Government must not “betray” disabled people in transition to Universal Credit
19 December 2018
In a report published today, Wednesday 19 December 2018, the Work and Pensions Committee warns of potential “disastrous” consequences for disabled people, including disabled children, and the services that support them in the transition to Universal Credit as currently planned.
- Read the conclusions and recommendations
- Read the summary
- Read the full report: Universal Credit and support for disabled people
- Read the word version
- Inquiry: Universal Credit
Rt Hon Frank Field MP, Chair of the Committee, said:
“The Government's plans will see “very” disabled people getting the extra help they need at the cost of other disabled people. We have already seen the terrible cost of the Department's failure to find out what is happening to the most vulnerable claimants in the transition to Universal Credit. People receiving the disability premiums are already, by definition, managing in some of the most difficult circumstances imaginable in our society, and this includes disabled children, and children forced to care for a disabled parent. It would be a terrible betrayal of these people to allow another failure of planning in this mega reform to worsen their situations, even one bit.
“No one should ever be forced further into poverty, deprivation, miserable hardship by a policy reform. The Government must assure disabled people across this country that will not happen to them, and plan and put the measures in place to make that promise good.”
DWP has said that no Universal Credit claimant will be worse off when they move directly from the benefits Universal Credit replaces, and that “severely disabled” claimants will get more in benefits than they would have under the previous system. But this comes at a price for disabled people and their families who are not designated “severely” disabled by DWP.
Under the previous system disabled people who do not have a paid-for carer were able to claim top ups to their benefits: the Severe and Enhanced Disability Premiums, worth up to £64 per week for a single person. Disabled people use the Severe and Enhanced Disability Premiums—along with other benefits—for essential living and care costs.
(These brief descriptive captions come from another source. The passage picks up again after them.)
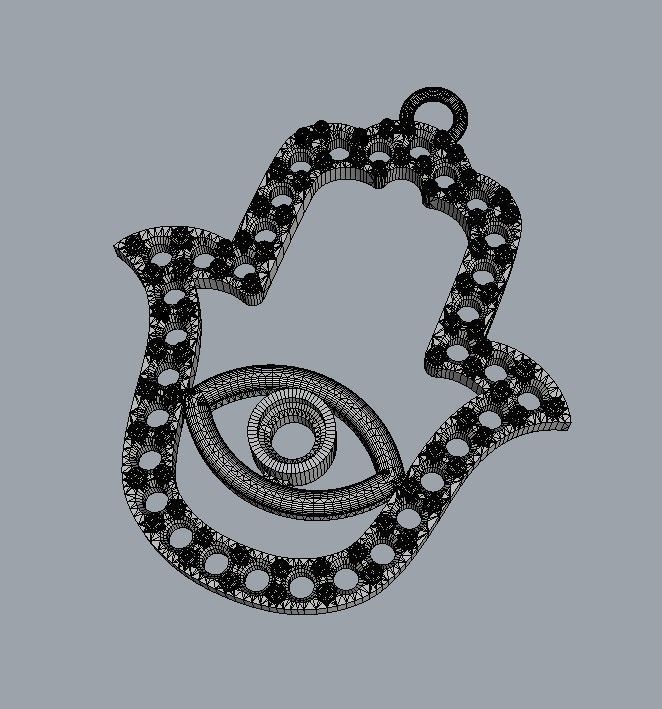 Hamsa Pendants - 2 Sizes 3D Model Collection_8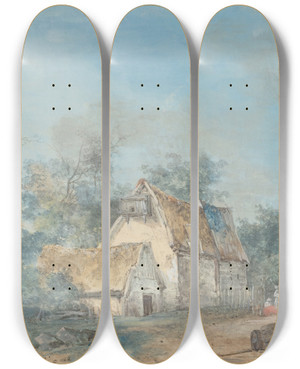 Triptych art skateboard deck of Louis Gabriel Moreau Landscape_3 by Louis Gabriel Moreau (1740-1806)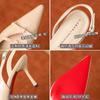 Spring and Autumn new pointed-toed stiletto high heels fashion bag head women's shoes temperament bow red-soled sandals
Even with this additional money, meeting costs can be a struggle.
The premiums do not exist under Universal Credit. The Committee says DWP “made a serious error” in removing disability premiums from Universal Credit while initially failing to provide existing recipients of those benefits with transitional support. The steps it has taken to provide support for people already in receipt of those benefits are welcome but only a stopgap: transitional protection can still be lost, and it erodes in value over time. And the core problem of lower benefit payments for new Universal Credit claimants – who do not receive transitional protection – remains.
Removing this vital additional support from Universal Credit risks disabled people living more isolated lives, relying on unpaid care - including from their own, dependent children - or simply being unable to complete certain basic daily tasks. DWP claims to have “recycled” the money saved from removing them into support for the “most severely disabled” UC claimants – but the Committee's report shows that even those claimants would receive less under Universal Credit than under the previous system.
Supporting disabled children
Changes to support for disabled children under Universal Credit similarly mean that some families with severely disabled children will receive more than they would have under tax credits. But this increase in support comes at a substantial price for other families. Once Universal Credit is fully rolled out, 100,000 families with a “less disabled” child will receive less money than they would have under the legacy benefit system. The consequences—for claimants unable to make up the shortfall, and for local services that need to step in and support them—could be disastrous.
The Department has not carried out a full impact assessment of either of these changes. It nonetheless confidently asserts that costs and consequences will not emerge elsewhere: for example, in the social care system. This is despite widespread evidence of “offloading” of costs, across the country, onto local authorities, services and charities in the transition to Universal Credit so far. It has also so far failed to satisfy expert scrutineers and stakeholders across the spectrum of its readiness for the next phase of transition, the so-called “managed” migration of existing claimants onto the new system.
The Committee says:
- The Department must get its house in order and correct historical ESA underpayments before it begins to move any ESA claimants onto UC;
- The Department should not yet, as it has planned, seek Parliamentary approval for “managed” migration wholesale, but instead only for the 10,000 person pilot and the Severe Disability Premium transitional protections.
- By mid-2019, when “managed migration” to Universal Credit is due to begin, DWP should carry out and publish an assessment of the impact of removing the disability premia from Universal Credit for new claimants, including the costs and benefits of introducing a "self-care" amount in Universal Credit, paid at the same rate as the existing “care” amount. This would provide financial support for disabled people who do not have a paid for carer;
- DWP must systematically in conjunction with experts and stakeholders collect data on vulnerable claimants, and demonstrably feed it into their plans for protecting those claimants from further hardship and deprivation in the transition to UC.